The 2018 NASL season won't begin until August, if it opens at all. The league moved from a spring to fall start supposedly to better align itself with the international calendar -- and to give itself more time to scramble together more than the six teams that currently call it home.

The NASL's future is very much in question. If it survives, though -- even, perhaps, if it does not -- expect Silva to pull a few more tricks from up his sleeve.

What level of star power can Beckham's team realistically attract?

Atlanta shifted the paradigm. Instead of following the well-worn path of signing some over-the-hill European veteran to coax fans into seats, United bet big that winning, attractive soccer could be a draw itself.

Atlanta, which just completed the most expensive transfer in MLS history by adding 18-year-old playmaker Ezequiel Barco from Argentinean side Independiente for a reported fee of $15 million, added three designated players who were all in their early 20s and all relatively unknown in the U.S. before their arrival.
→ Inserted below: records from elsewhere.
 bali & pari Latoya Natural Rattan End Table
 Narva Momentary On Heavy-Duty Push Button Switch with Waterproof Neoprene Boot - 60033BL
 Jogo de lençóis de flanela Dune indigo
Miguel Almiron, Josef Martinez and Hector Villalba proceeded to set the league alight in front of packed houses.

LAFC looks to be following a similar model, adding in-his-prime Mexico international Carlos Vela instead of, say, 36-year-old Zlatan Ibrahimovic, who is currently being linked with the crosstown rival Galaxy.
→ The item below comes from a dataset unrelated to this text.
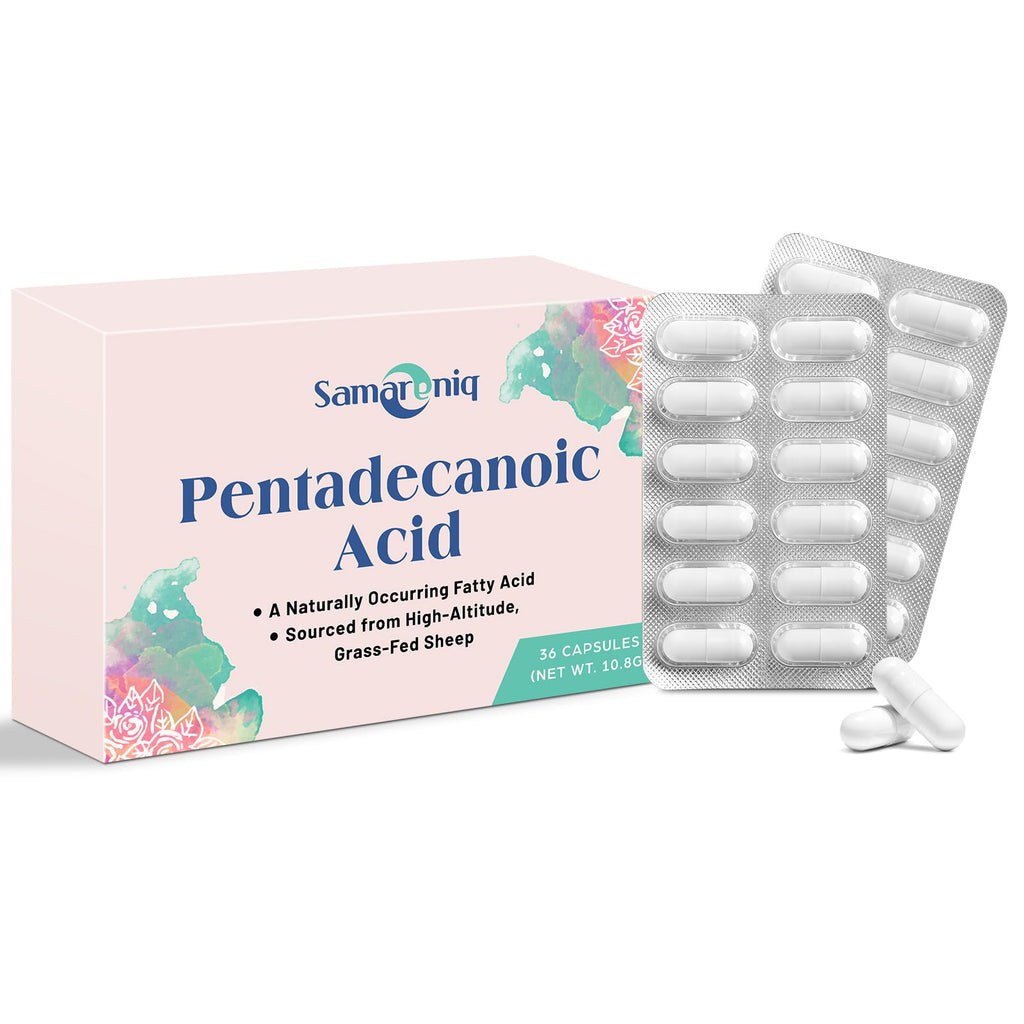 Pentadecanoic Acid 300mg C15:0 from Grass-Fed Sheep Milk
It will be interesting to see how Miami plays it. Because of his own background and how long it took this project to get off the ground, Beckham might feel compelled to make a splash even at the expense of on-field quality. Or, might his club be the one that finally attracts a genuine superstar who is still at the top of his game to Major League Soccer?

How will it go about building authentic connections?

Toronto FC and the Sounders provided the blueprint that every successful MLS expansion club since has copied at least some elements from. Build a stadium close to the city center; treat the "Major League" part of MLS as an imperative rather than emptily aspirational; encourage supporter culture and cultivate authentic ties from the grassroots up.

The last part could prove especially vital to Miami's long-term viability. The city is famous for its vibrant Latino community, a demographic MLS has struggled to tap into for a variety of reasons -- some of which should be blamed on the league itself. Chivas USA was the clumsiest failed overture, but not the only one. Houston, for example, has a downtown stadium and a fun, Central American-heavy, young core but still struggles for attendance figures.

It's up to Miami to market itself in a way that actually connects with people, and doesn't just pander to the diverse groups that call the region home. That will be one of many trends to watch in the coming months and years before Beckham's much-mooted club finally makes its debut.